We have presented a perspective emphasizing the surprisingly close relationships between planning optimal behavior and learning optimal behavior. Both involve estimating the same value functions, and in both cases it is natural to update the estimates incrementally, in a long series of small backup operations. This makes it straightforward to integrate learning and planning processes simply by allowing both to update the same estimated value function. In addition, any of the learning methods can be converted into planning methods simply by applying them to simulated (model-generated) experience rather than to real experience. In this case learning and planning become even more similar; they are possibly identical algorithms operating on two different sources of experience.
It is straightforward to integrate incremental planning methods with acting and model-learning. Planning, acting, and model-learning interact in a circular fashion (Figure 9.2), each producing what the other needs to improve; no other interaction among them is either required or prohibited. The most natural approach is for all processes to proceed asynchronously and in parallel. If the processes must share computational resources, then the division can be handled almost arbitrarily--by whatever organization is most convenient and efficient for the task at hand.
In this chapter we have touched upon a number of dimensions of variation among state-space planning methods.
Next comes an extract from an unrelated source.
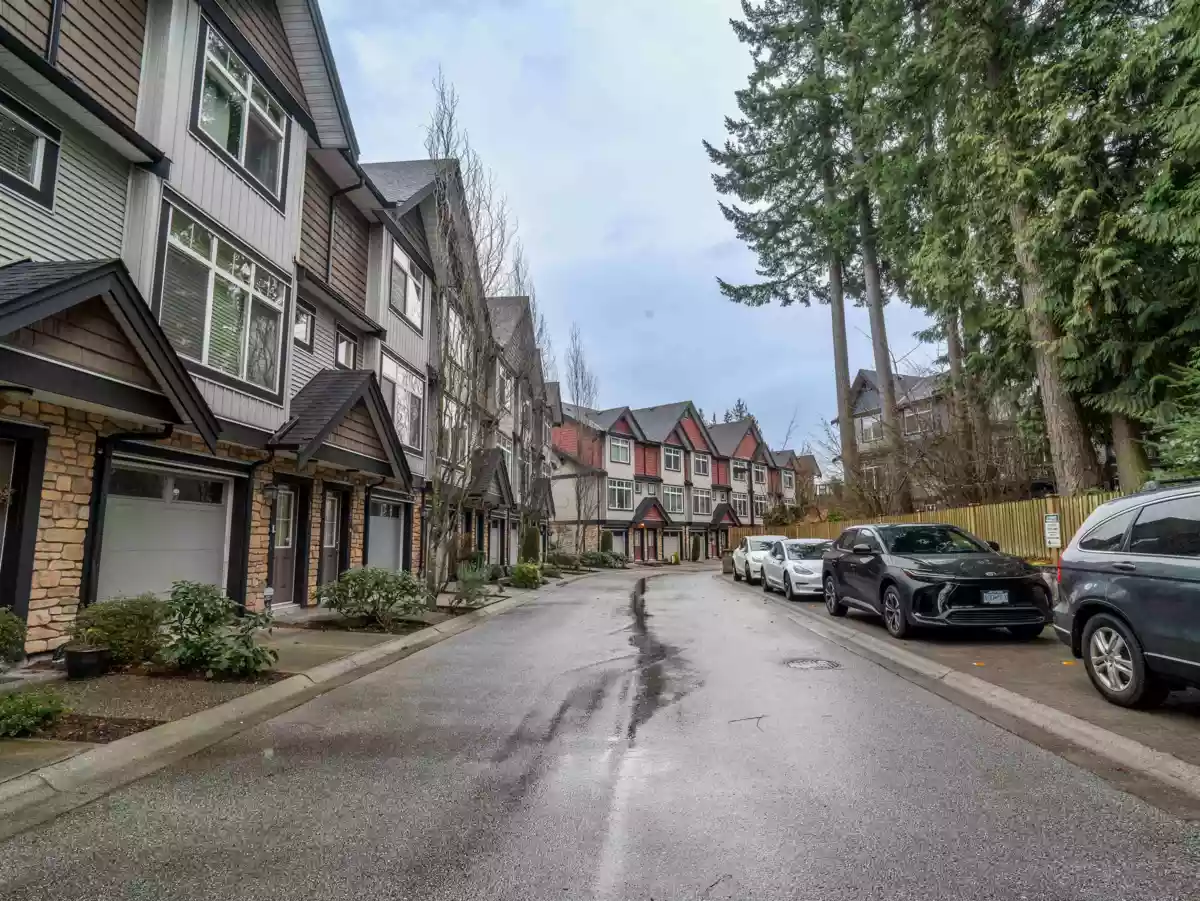 Front Yard Photo of 146 6299 144 Street, Surrey, BC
One of the most important of these is the distribution of backups, that is, of the focus of search. Prioritized sweeping focuses on the predecessors of states whose values have recently changed. Heuristic search applied to reinforcement learning focuses, inter alia, on the successors of the current state. Trajectory sampling is a convenient way of focusing on the on-policy distribution. All of these approaches can significantly speed planning and are current topics of research.
Another interesting dimension of variation is the size of backups. The smaller the backups, the more incremental the planning methods can be. Among the smallest backups are one-step sample backups. We presented one study suggesting that one-step sample backups may be preferable on very large problems. A related issue is the depth of backups. In many cases deep backups can be implemented as sequences of shallow backups.